Und diese Jaz Colemans oder lehmbeschmierten Virgin Prunes haben, das muß ich notgedrungen zugeben, auf ihre eigenartige Ober-Jahre Art, ihre Art von Sex, den ja auch einige Hippie-Gruppen hatten. Jaz Coleman ist eine peinliche New Wave-Ausgabe von Sean Connery, auch wenn er sich wie ein dummer Straßenkünstler schminkt.

Das neue Ding wird also eine Funkisierung, eine antimelodische Zerstörung sein, die das alles weiter treiben wird und dann vielleicht 1993 bei 70er Stand von Sly angekommt. Was sein muß, muß sein. Jedenfalls wird im gleichen Zug die superslicke Oper, das Melodienfeuerwerk und alles was sonst noch unter „intelligenten Pop“ läuft, sein Gesicht verändern. Ob die Antwort auf den wahren, weißen Funk von Boy George kommt, bleibt abzuwarten, könnte sich aber nach Singles wie „Time“ oder „Karma Chameleon“, den beiden größten Triumphen der Melodie in diesem Jahr, abzeichnen.
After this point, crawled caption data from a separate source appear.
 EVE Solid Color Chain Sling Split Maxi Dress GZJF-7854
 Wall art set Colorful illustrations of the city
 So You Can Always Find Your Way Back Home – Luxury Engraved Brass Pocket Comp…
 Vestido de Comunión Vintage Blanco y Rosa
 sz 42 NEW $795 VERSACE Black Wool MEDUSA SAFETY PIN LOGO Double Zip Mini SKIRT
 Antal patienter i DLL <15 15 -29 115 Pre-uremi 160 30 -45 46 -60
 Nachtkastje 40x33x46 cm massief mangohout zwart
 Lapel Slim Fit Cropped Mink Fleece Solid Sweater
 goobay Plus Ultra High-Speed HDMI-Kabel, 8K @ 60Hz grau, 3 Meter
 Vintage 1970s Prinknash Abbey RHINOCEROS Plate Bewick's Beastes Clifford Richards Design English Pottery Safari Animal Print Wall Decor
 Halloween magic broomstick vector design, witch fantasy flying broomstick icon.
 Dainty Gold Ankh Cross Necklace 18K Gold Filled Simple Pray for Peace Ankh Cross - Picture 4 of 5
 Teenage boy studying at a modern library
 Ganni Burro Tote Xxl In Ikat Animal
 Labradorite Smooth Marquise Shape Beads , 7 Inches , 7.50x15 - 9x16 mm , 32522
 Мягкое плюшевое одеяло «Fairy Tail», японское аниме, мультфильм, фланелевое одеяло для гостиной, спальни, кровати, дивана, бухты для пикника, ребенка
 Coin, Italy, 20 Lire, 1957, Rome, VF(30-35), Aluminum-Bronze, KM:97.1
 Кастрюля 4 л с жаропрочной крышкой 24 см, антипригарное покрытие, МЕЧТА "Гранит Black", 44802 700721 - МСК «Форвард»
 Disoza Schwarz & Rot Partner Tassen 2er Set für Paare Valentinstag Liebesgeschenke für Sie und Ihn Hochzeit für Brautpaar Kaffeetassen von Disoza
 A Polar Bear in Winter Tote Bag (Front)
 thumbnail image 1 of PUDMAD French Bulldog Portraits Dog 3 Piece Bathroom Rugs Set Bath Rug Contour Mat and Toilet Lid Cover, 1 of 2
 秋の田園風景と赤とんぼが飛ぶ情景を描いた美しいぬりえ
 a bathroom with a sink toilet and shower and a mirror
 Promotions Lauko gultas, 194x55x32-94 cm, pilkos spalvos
In „Mr. Deeds Goes To Town“ von Frank Capra ist Gary Cooper ein Millionär geworden, naiver Aphorismendichter. In New York speist er bei „Thullios“ (Slogan: „Eat with the Literati“), um echte Dichter zu sehen. Diese machen sich arrogant über ihn lustig. Nur einer, McLaren, hat ein Herz für ihn und geht mit ihm Saufen. Am nächsten Tag wird Gary Cooper von seinem Diener geweckt, der ihm eine Prärie-Auster credenzt und auf die Frage „Was habe ich gestern gemacht?“ entgegnet: „Sie standen in Unterhosen mit dem Nobelpreisträger McLaren auf der Straße und sangen ‚Retournons au Nature‘“.